Highest daily rainfall total Storm Desmond, 2015 264.4mm
Lowest mean sea level pressure Storm Éowyn, 2025 941.9 hectopascals (hPa)

UK storm records for the period November 2015–October 2025. Source: Met Office

Storm naming

Storm naming was introduced in the UK and Ireland at the start of the 2015 storm season.

Launched by the Met Office and Ireland’s weather service, Met Éireann, Dutch weather service the Royal Netherlands Meteorological Institute (KNMI) joined the storm-naming scheme in 2019.

This collaboration between the UK, Ireland and Netherlands is one of three storm-naming groups in Europe. Each group releases a new alphabetical list of storm names in September.

The graphic below highlights the storm names picked by the Western European storm-naming group for 2025-26.

List of storm names for 2025/26
Credit: Met Office.

Not all storms are named. A storm will be named if the Met Office anticipates it having potential to cause disruption or damage.

This is often linked to whether strong winds are expected, but impacts caused by other weather types – for instance, heavy rain, hail or snow – are also considered.

Once named, the storm is referred to consistently by weather services and other authorities in Ireland, Netherlands and the UK.

Storm naming was introduced to improve communication of the weather forecast to the public and help people stay safe during severe weather.
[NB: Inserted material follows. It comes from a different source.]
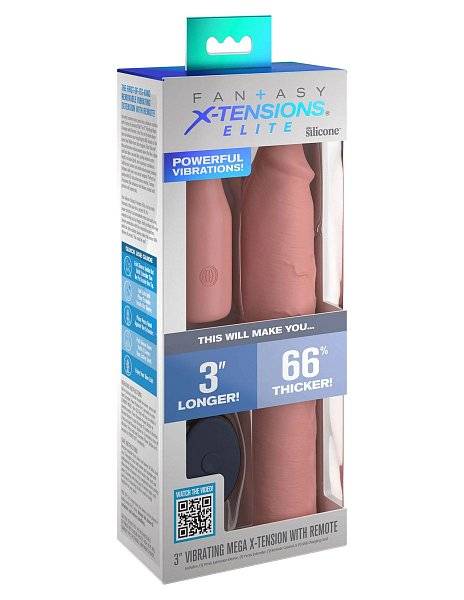 Телесная вибронасадка на член 3 Vibrating Mega X-tension with Remote - 22,9 см.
Using a single, authoritative name for a storm allows government and media outlets to deliver a consistent message about approaching severe weather.

In this way, the public will be better placed to keep themselves, their homes and businesses safe.

There have typically been around half a dozen named storms each year since November 2015, although this varies on a year-to-year basis.

The 2023-24 storm season saw the most named storms to date. In August 2024, Storm Lillian became the 12th named storm of that season.

Below is a table of all the storms that have been named since 2015.

Storms named between November 2015 and October 2025. Source: Met Office.

Notable named storms

While every year since the scheme began has seen storms strong enough to be named, some storms have been particularly significant.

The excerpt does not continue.